Estas son semanas extraordinarias para toda la gente alrededor del mundo. Además del boletín de oración que sale cada lunes, hemos decidido mandar un segundo boletín, cada jueves, con un mensaje de ánimo de parte de nuestros líderes de Langham predicación. Esta semana Slavko Hadžić, nuestro coordinador regional del Sur de Europa, nos trae una mirada fresca en torno a un pasaje familiar:

Las autoridades en Bosnia y Herzegovina, donde vivo, han comenzado a reducir las restricciones. De todas formas, habrá consecuencias a largo plazo. Algunas personas han perdido familiares. Algunos han perdido sus trabajos. Las iglesias no han podido reunirse. Algunas personas están teniendo crisis de fe. ¿A dónde volteamos para encontrar seguridad en tiempos de incertidumbre? Encuentro consuelo en el Salmo 23.

Un pastor de ovejas realizando su trabajo. Foto de Ekrulila en Pexels

Sal 23:1-3. El Señor es mi pastor, nada me falta; en verdes pastos me hace descansar. Junto a tranquilas aguas me conduce; me infunde nuevas fuerzas. Me guía por sendas de justicia por amor a su nombre.

Dios cuida de mi hoy, incluso en los tiempos inciertos del coronavirus. Extraño la naturaleza cuando estoy rodeado de los muros de mi casa. Tengo preocupaciones del futuro y la crisis económica que se está desarrollando. Al igual que David sabía que Dios cuidaría de él, así también experimentó paz en estos tiempos difíciles a través de la misma certeza.

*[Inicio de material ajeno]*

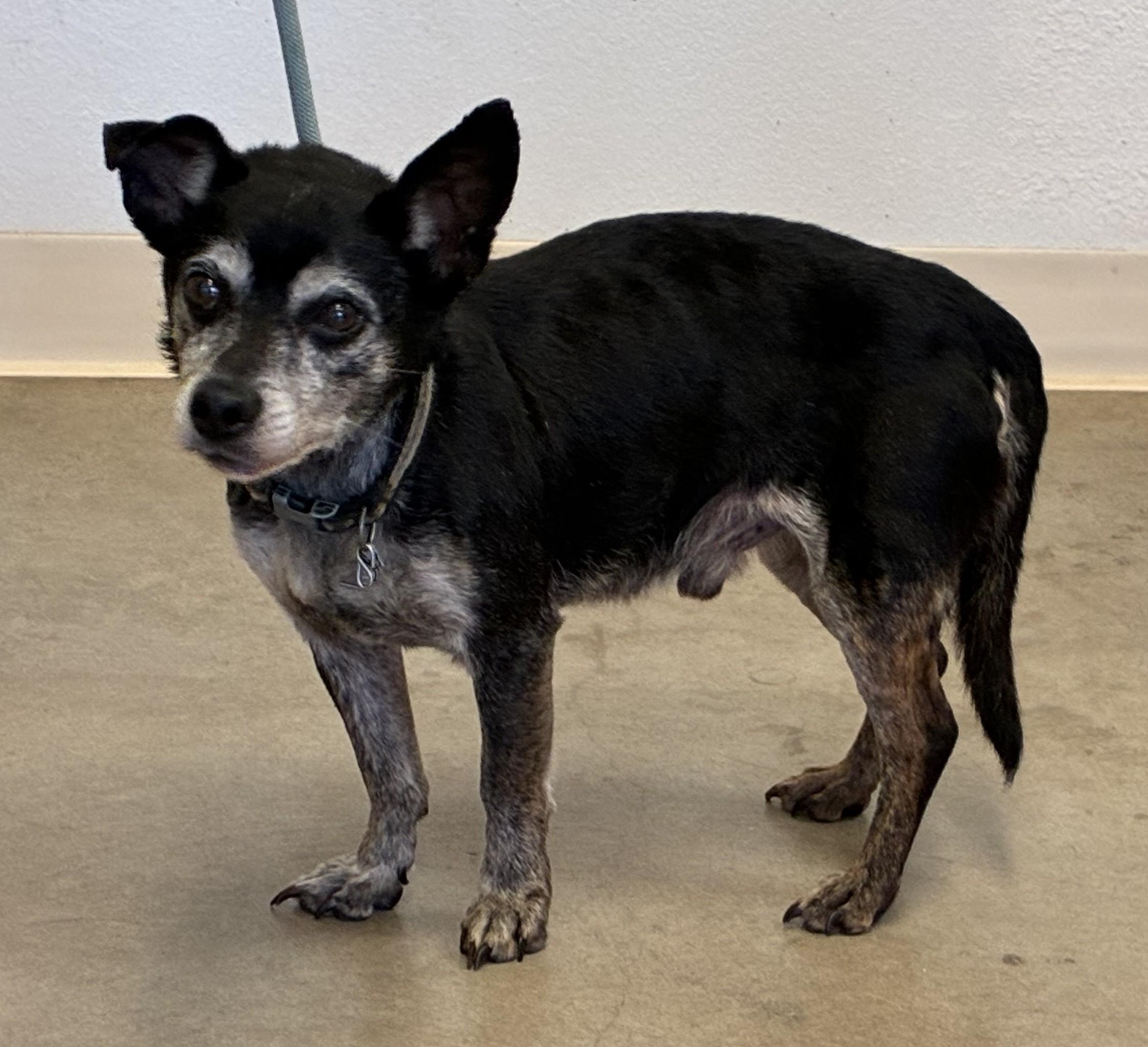 Enlarge Charles, a ADOPTABLE mixed breed in Greeley, CO image 2/3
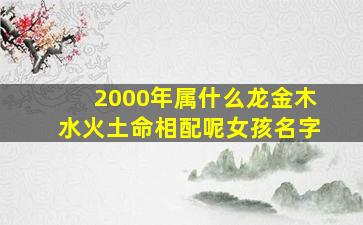 2000年属什么龙金木水火土命相配呢女孩名字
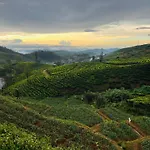 The Crown's Misty Hills Hideaway * Nuwara Eliya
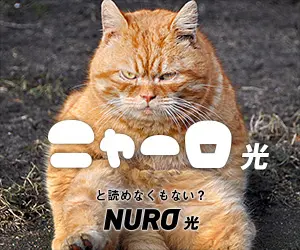 NURO Hikari NURO Hikari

Sal. 23:4. Aun si voy por valles tenebrosos, no temo peligro alguno porque tú estás a mi lado; tu vara de pastor me reconforta.

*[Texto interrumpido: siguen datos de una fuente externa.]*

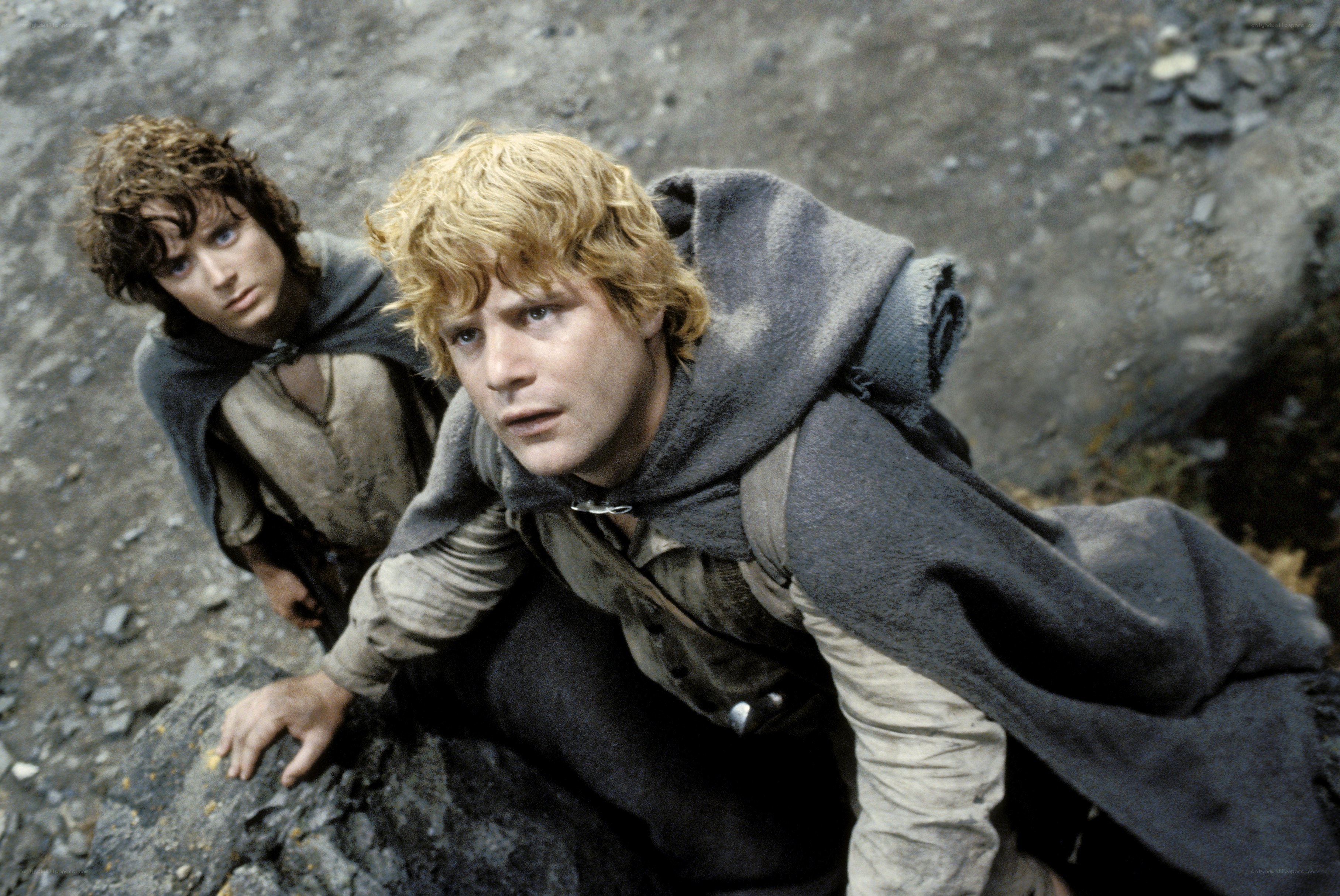 Bilbo and Frodo climbing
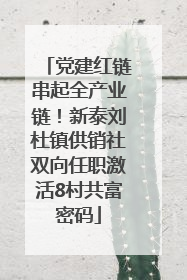 党建红链串起全产业链！新泰刘杜镇供销社双向任职激活8村共富密码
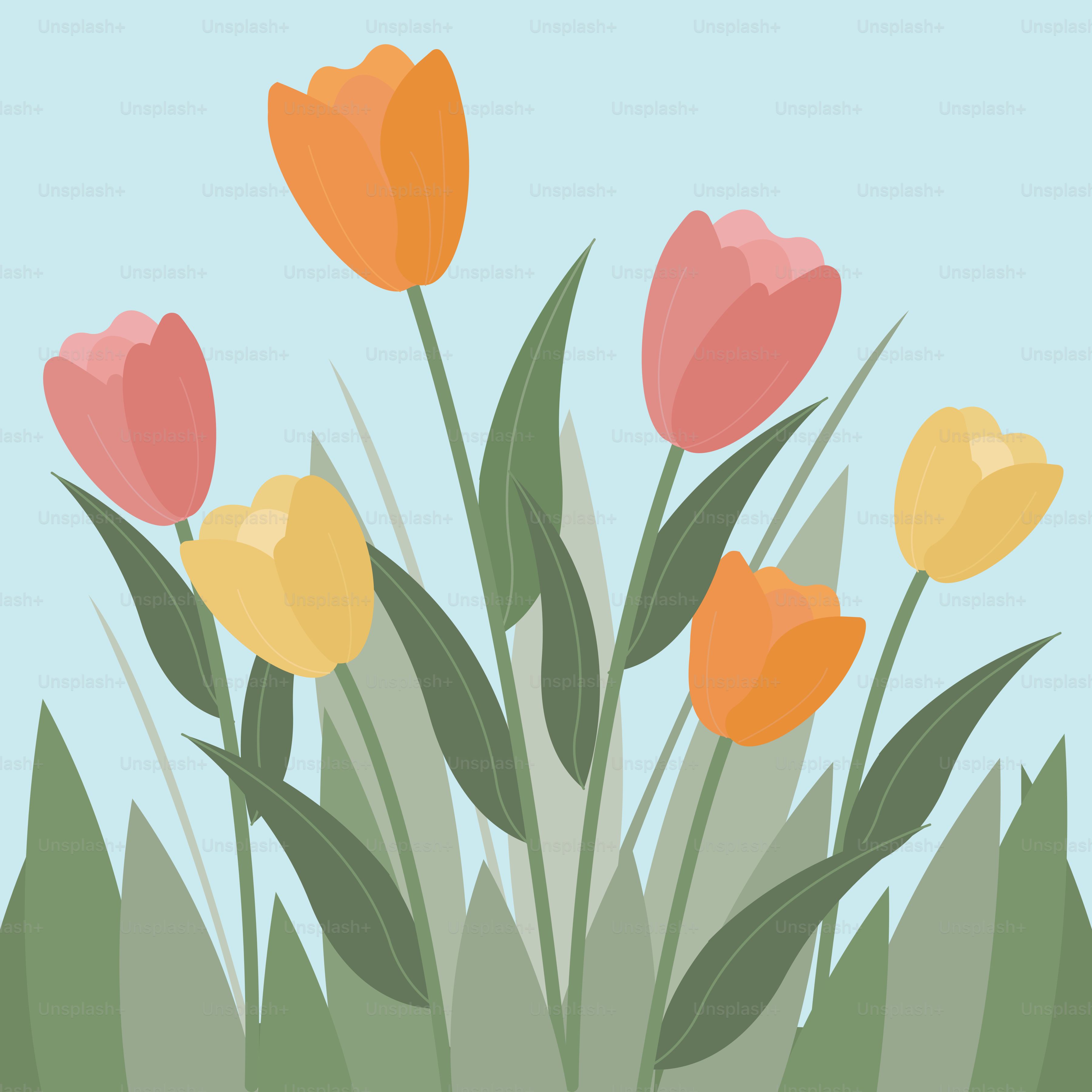 A bunch of flowers that are in the grass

Algunos años atrás, mi madre estaba pasando por dificultades en el hospital. Ello pensó que moriría antes del amanecer. La oscuridad la rodeó y ella sintió que estaba cayendo en ella. Comenzó a orar. De repente, sintió que haber caído en la palma de la mano de Dios. Después me contó que en ese momento todos sus miedos desaparecieron. Algunas veces pienso sobre lo que podría pasar si me contagió de coronavirus. ¿Qué sucedería si no hay ningún respirador disponible para mí? Es normal temer lo desconocido, pero yo me resguardo en la Palabra de Dios y sus promesas.

Sal 23:5. Dispones ante mí un banquete en presencia de mis enemigos. Has ungido con perfume mi cabeza; has llenado mi copa a rebosar.

Nuestros enemigos pueden ser cosas que trabajan en contra nuestra. El coronavirus es una de esas cosas. Desde que me convertí en un cristiano, mi vida no siempre ha sido fácil. Tuve cáncer dos veces así que resistí dificultosas quimioterapias y radiaciones. Pero sabía que incluso en esas situaciones Dios estaba conmigo. Él estaba presente en mi vida, bueno y misericordioso conmigo. Este conocimiento me dio paz, consuelo y seguridad.

Sal 23:6 La bondad y el amor me seguirán todos los días de mi vida; y en la casa del Señor

habitaré para siempre.

Esta es la seguridad que tengo como seguidor de Cristo: Pasaré la eternidad con Dios. No habrá muerte, dolor, pecado, guerra, ni desempleo – y tampoco coronavirus. Las reuniones públicas y celebraciones de adoración estarán permitidas y así lo alabaré durante la eternidad.

Que Dios te bendiga, manteniéndote fuerte y seguro en ÉL.